Tanzimat Tiyatrosu
Türk tiyatrosu, Tanzimat’a dek Karagöz ve Ortaoyunundan oluşmuş bir halk tiyatrosu biçimindedir. Tanzimat’la birlikte Avrupaî biçimler tanınmaya başlamıştır. 1840’tan başlayarak, önce İtalya, Fransız tiyatroları kurulmuş; sonra Hacı Nazım, Hasköy, Şark, Ortaköy gibi yerli tiyatrolar açılmıştır. İlk Türk tiyatrosu 1867’de kurulan Osmanlı Tiyatrosu’dur. Sahibi Güllü Agop’tur. Bu tiyatroda Namık Kemal, Âli Bey, Ahmet Mithat, Ebuzziya Tevfik, Şemsettin Sami gibi yazarların oyunları sahneye konmuştur. İlk Türk operaleri Arif’in Hilesi, Leblebici Horhor, Köse Yahya burada oynanmıştır. İlk Türk oyununu Abdülhak Hamit’in babası Hayrullah Efendi yazmıştır. Hikâye-i İbrahim Paşa be İbrahim-i Gülşenî oyun dört perdelik küçük bir dramdır. İkinci eser ise Şinasi’nin Şair Evlenmesi adlı güldürüsüdür. Oyunda hem batı tiyatrosunun, Molière (Molyer) güldürülerinin etkisi görülür, hem de orta oyununun izleri. Tiyatro eserini de gazete gibi halkı bilinçlendirmek için bir araç sayan Şinasi’nin oyununun konusu “görücü usulüyle evlenme”dir. Tiyatroyu hem bir eğlence, hem de düşünce yönüyle önemli bir kurum, adetâ bir ahlâk ve dil okulu olarak gören Namık Kemal, hem düşünceleriyle, hem yazdığı oyunlarla dikkati çeker: Vatan yahut Silistre, Zavallı Çocuk, Akif Bey, Kara Belâ, Celâleddin-i Harzemşah, Gülnihal.Dönemin öteki tiyatro yazarlarından önde gelenleri şöyle sıralayabiliriz: Ali Haydar (Sergüzeşt-i Perviz), Âli Bey (Kokana Yatıyor, Misafiri İstikal, Geveze Berber, Letâfet, Recaizade Ekrem (Afîfe Anjelik, Atalâ yahut Amerika Vahşileri, Vuslat, Çok Bilen Çok Yanılır), Ahmet Mithat (Eyvah, Açık Baş, Ahzı Sâr yahut Avrupa’nın Eski Medeniyeti, Çerkez Özdenler, Bir Facia yahut Siyavuş, Çengi yahut Danıj Çelebi, Zîba), Şemsettin Sami (Besa yahut Ahde Vefa, Seydî Yahya, Gave)
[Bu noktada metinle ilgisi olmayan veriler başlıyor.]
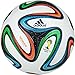 Algopix Similar Product 6 - adidas Brazuca FIFA 2014 World Cup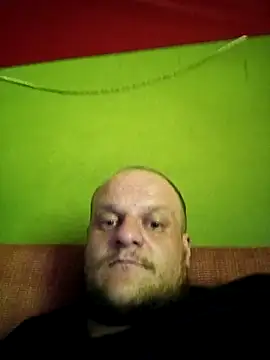 misiaty96 online show from 19, 4, 2026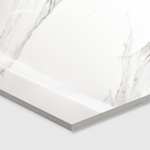 MERCURY STATUARIO FP1018-A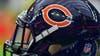 Chicago Bears Free Agency Tracker: Who are the top free agents and who is signing with the Bears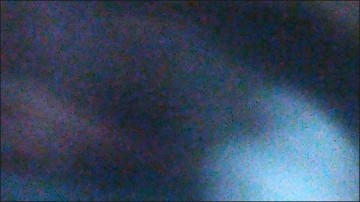 [Image: Voyeur54705120910.jpg]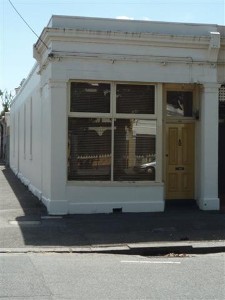 3 Bedroom Victorian Picture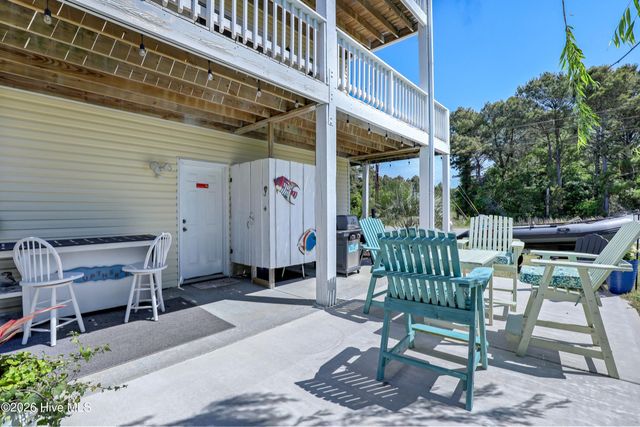 480 Chadwick Acres Road, Sneads Ferry, NC 28460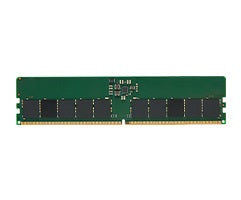 Kingston Technology KTD-PE548E-16G memory module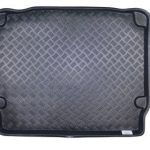 Πατάκι - σκαφάκι πορτ μπαγκάζ για Opel Signum (2003+) Combi - 1τμχ.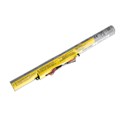 Green Cell PRO (LE54PRO) baterija 2600 mAh, 14.4V (14.8V) L12M4F02 za Lenovo Z500 Z505 Z510 P500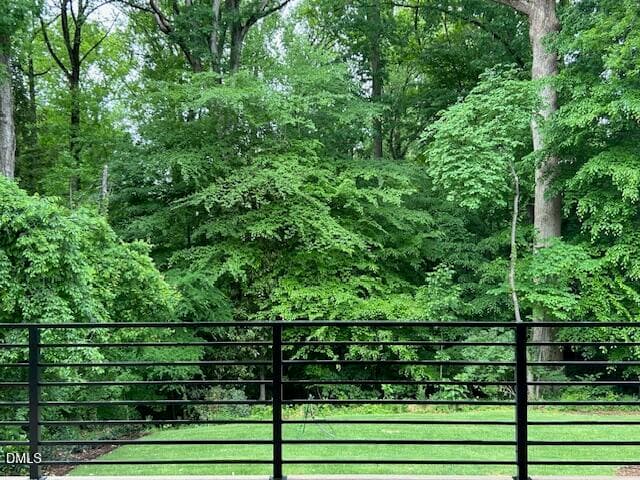 IMG_6449 - 2817 Claremont Road, Raleigh, NC 27608, Raleigh
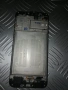 Дисплей Samsung M31, снимка 1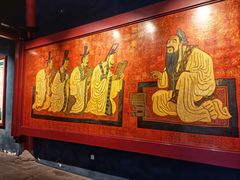 -苏州文庙(姑苏区)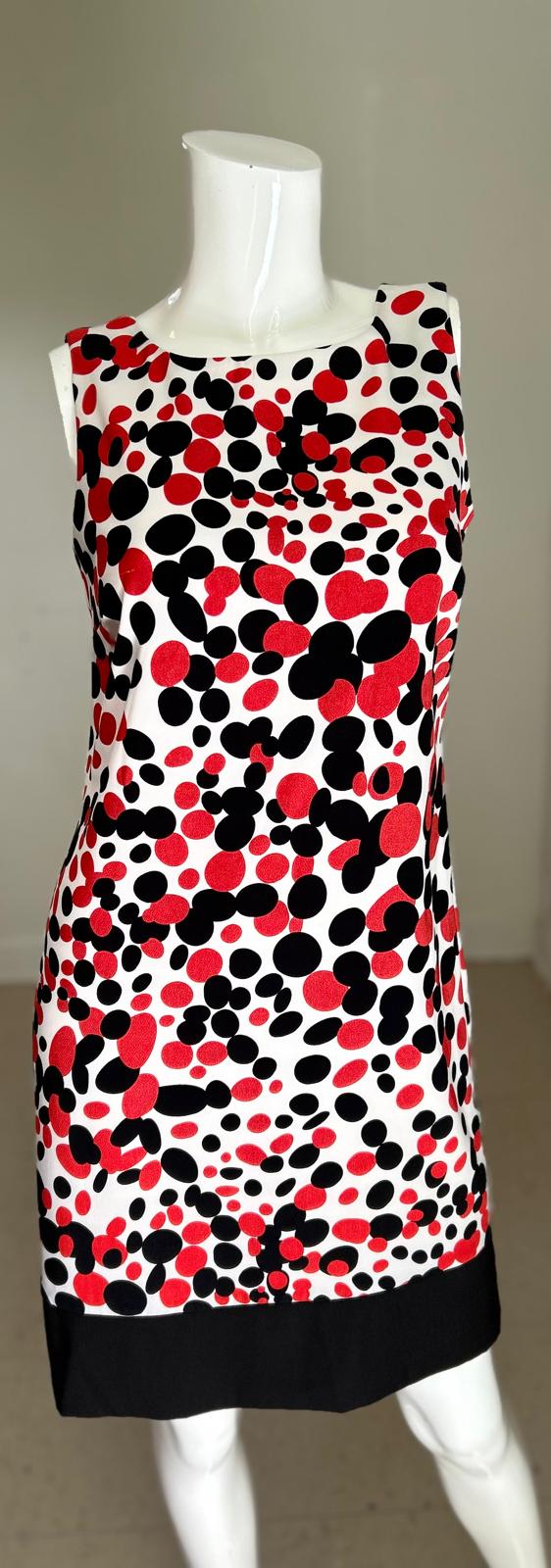 Robe JESSICA Taille-Size-S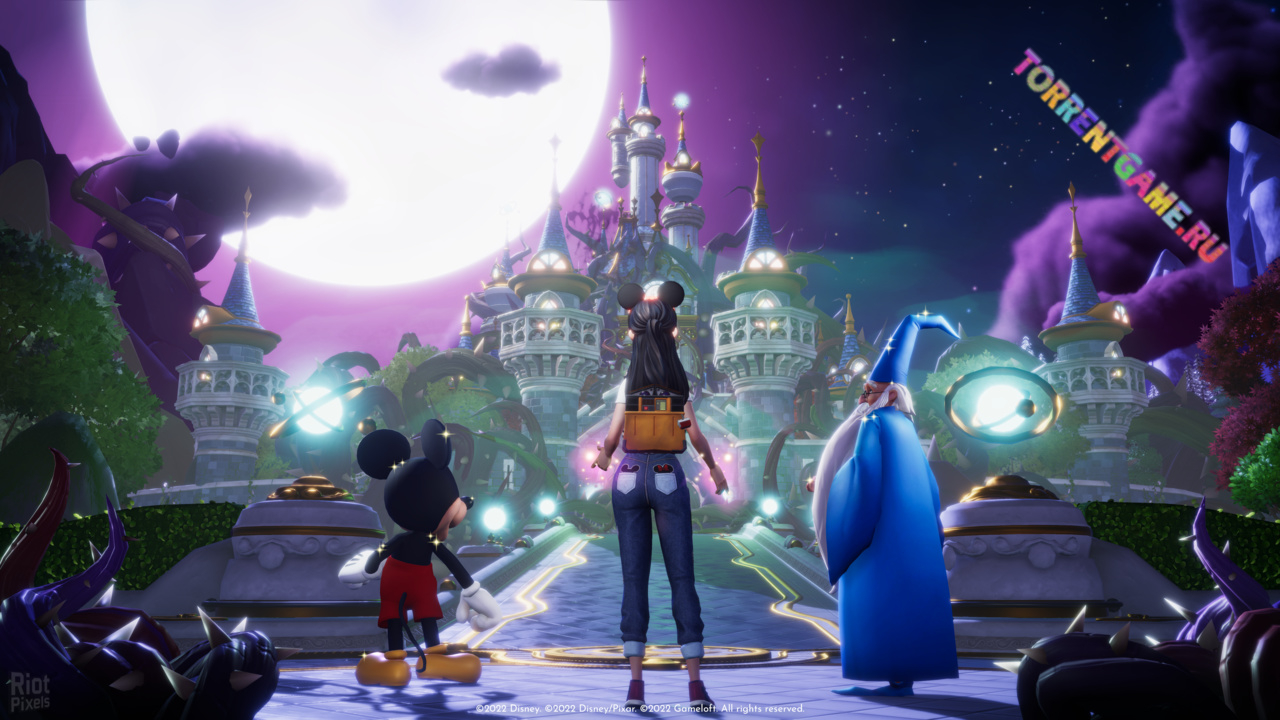 Изображение 1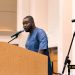 Council of State Member for the Volta Region Pitches Ghana to Investors in Chicago as Africa’s Top Investment Destination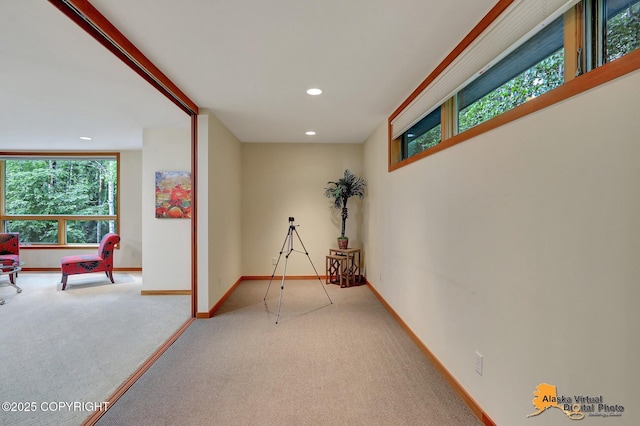 3540 E 142nd Ave, Anchorage, AK 99516 - photo 60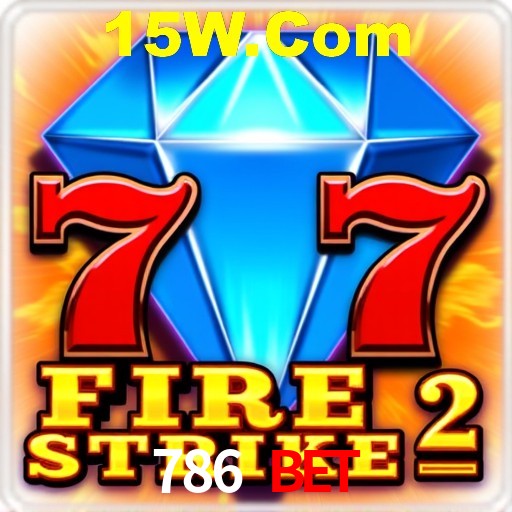 Sistemas de Segurança 786 Bet
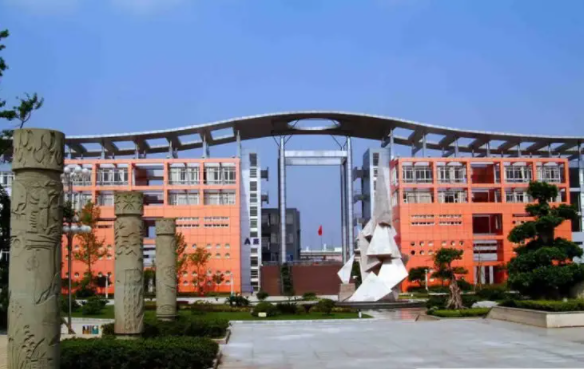 成都成工科技技工學(xué)校就業(yè)優(yōu)勢
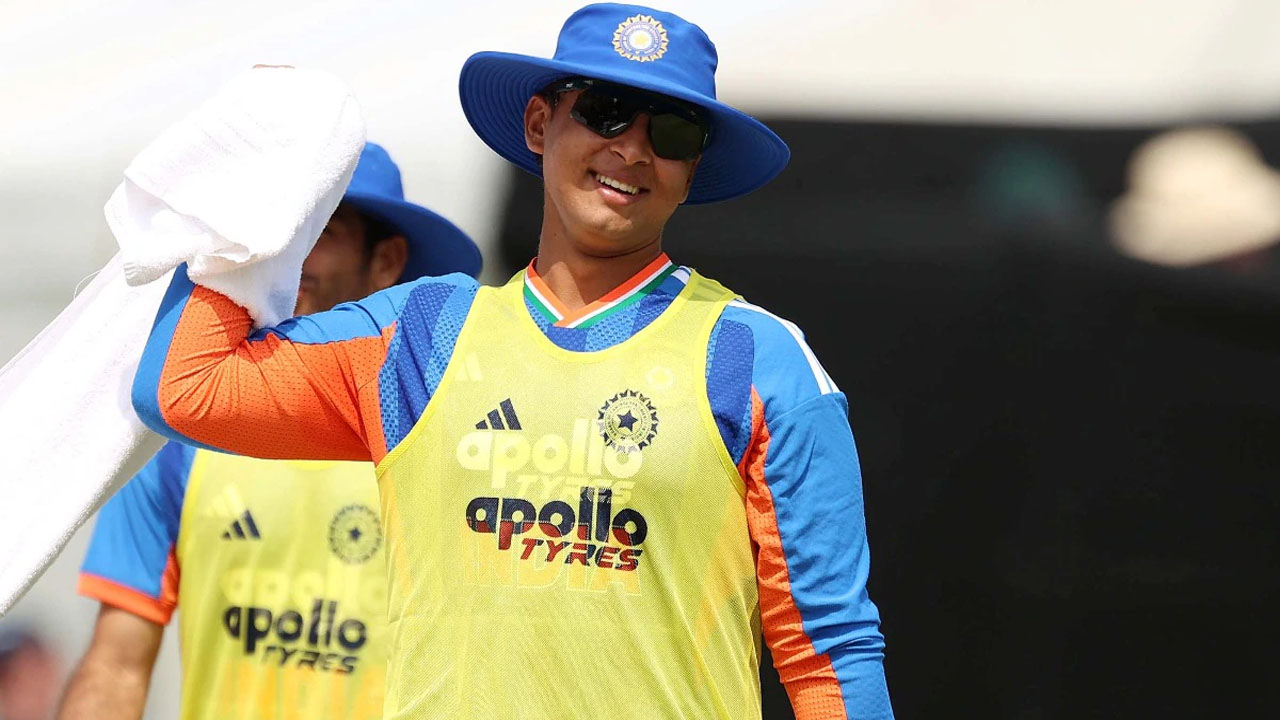 ravichandran ashwin defends vaibhav sooryavanshi wait drinks carrying remarks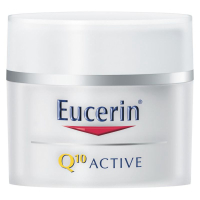 Q 10 ACTIVE CREMA GIORNO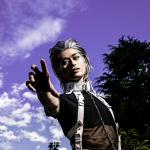 Gaku Takamoto : Susano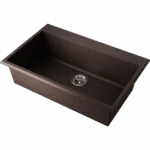 Мойка для кухни Omoikiri Tedori 79 — dc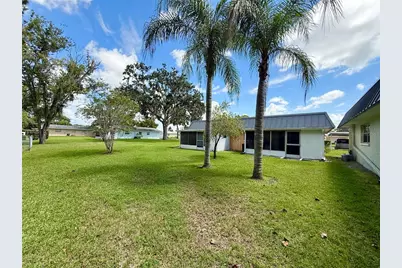 11937 Bayonet Lane, New Port Richey, FL 34654 - Photo 15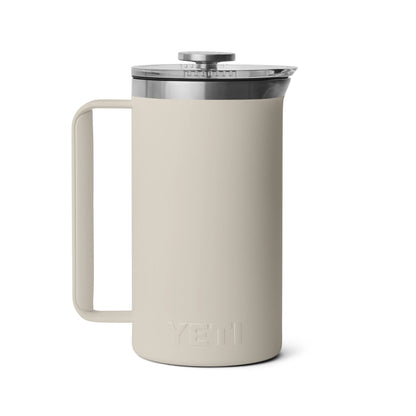 34 oz French Press - US 7580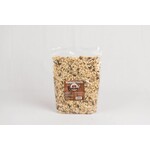 Lizzie Mae Lizzie Mae's Woodpecker Favorite Wild Bird Seed Blend - 5 lb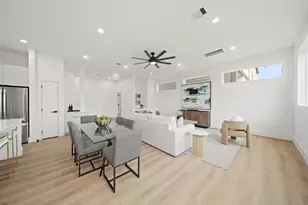 331 N Nagle St, Houston, TX 77003 - Photo 15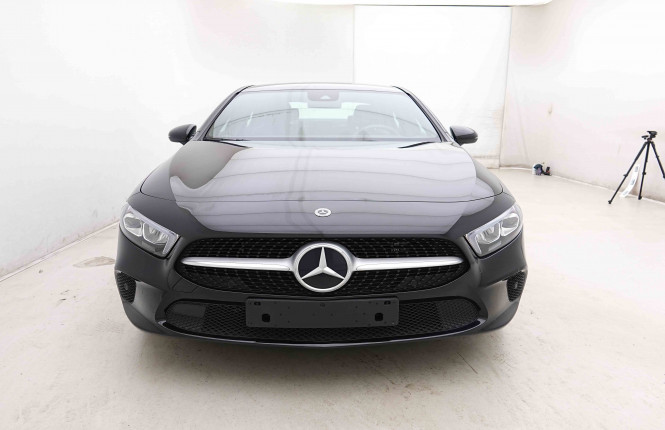 MERCEDES_MERCEDES_AKLASSE_2654956_21.jpg MERCEDES_MERCEDES_AKLASSE_2654956_21.jpg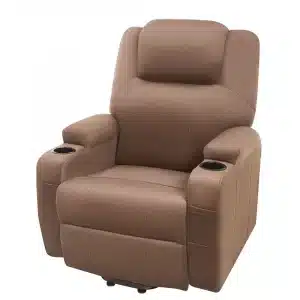 AT56251 Aufstehsessel Pro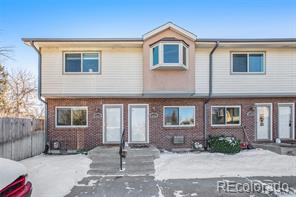 MLS Image #0 for 6906 w 48th avenue,wheat ridge, Colorado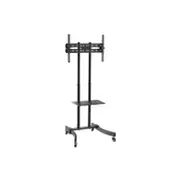 Tv kronšteini Logilink  Bp0026 - stand car 4052792042733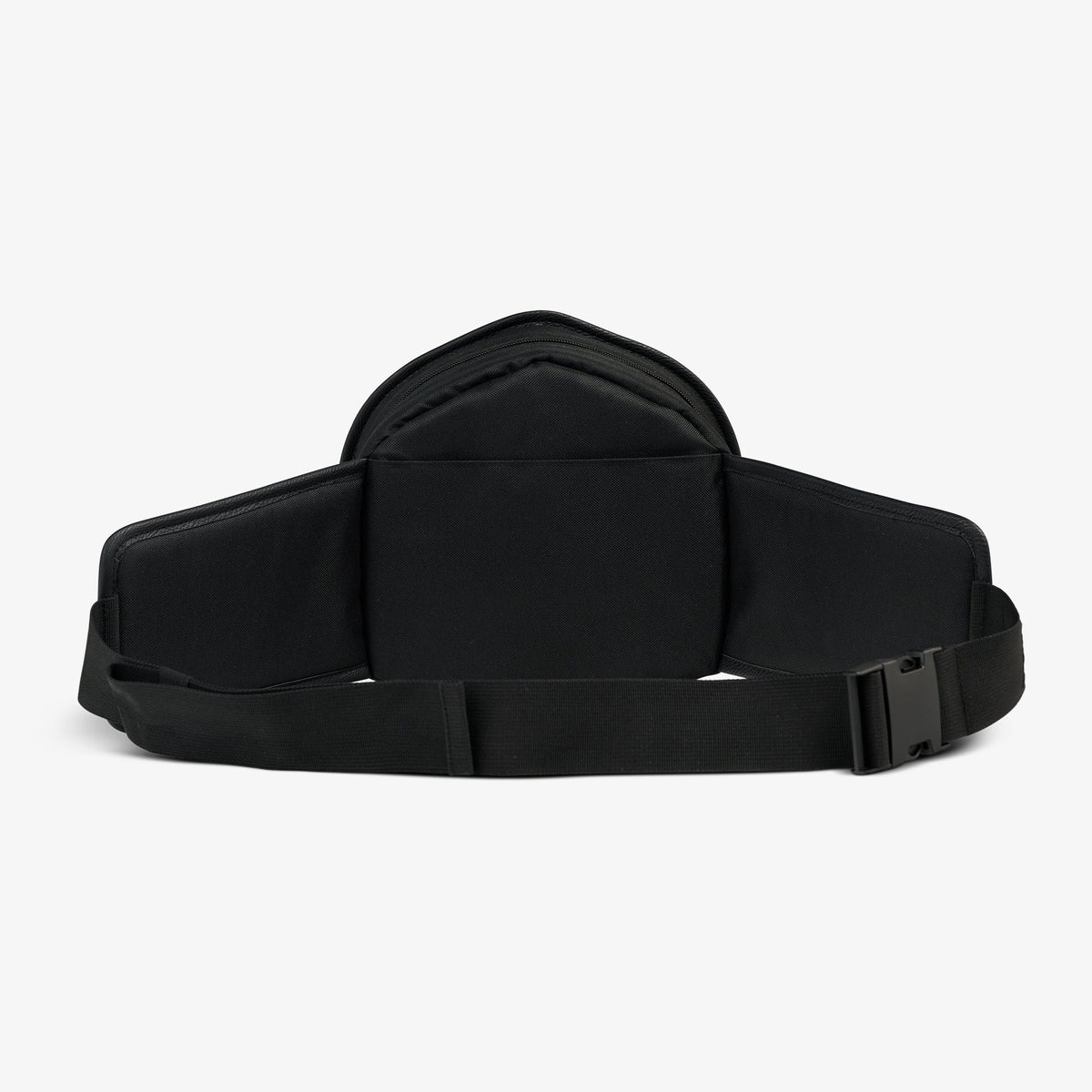 wwe-stone-cold-steve-austin-smoking-skull-championship-fanny-pack-j1 00066641-BK_cd342b51-3f75-4975-8311-0526655df4aa.jpg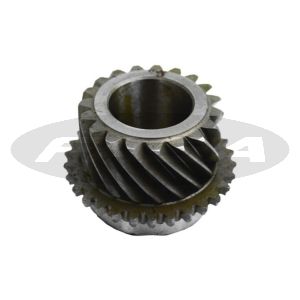 Engr. Ré Câmbio CL 2205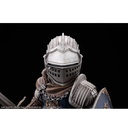 (PO) Q Collection DARK SOULS - Oscer Knight of Astora Image_12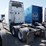 2015-freightliner-cascadia-125-image-12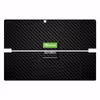 برچسب پوششی ماهوت مدل Nvidia Brand مناسب برای تبلت لنوو Miix 510 2016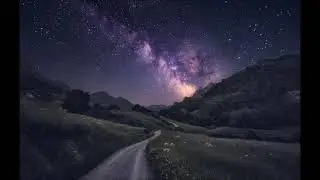 KUBIK - ACCROSS THE UNIVERSE (HAPPY HARDCORE 1996)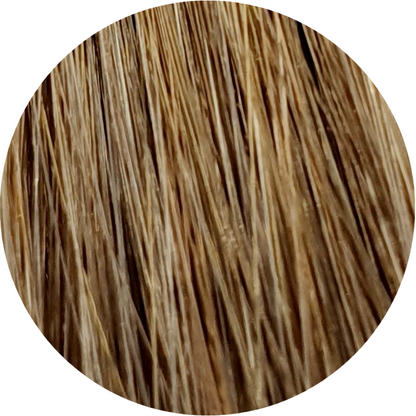 Color Touch CT 8/71-Light Blonde Brunette Ash - WAHairSuppliers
Tanzimat edebiyatı tiyatrosunun başlıca özellikleri şunlardır:
Tanzimat’a değin geleneksel Türk tiyatrosu dışında ürün verilmemiştir.
Batılı anlamda tiyatronun gelişimi tanzimat’la başlar. Şinasi’nin 1859’da yazdığı Şair Evlenmesi modern tiyatronun başlangıcı kabul edilir.
Tanzimat dönemi tiyatro sanatçıları, tiyatronun eğlence olduğu kadar eğitim aracı olduğu konusunda birleşmişlerdir.
Komedilerde kalsisimin, dramlarda realizmin etkisi görülür.
Tiyatro doğrudan halka seslenen ve konuşmaya dayanan bir tür olduğu için yapıtlar genellikle konuşma diliyle yazılmıştır.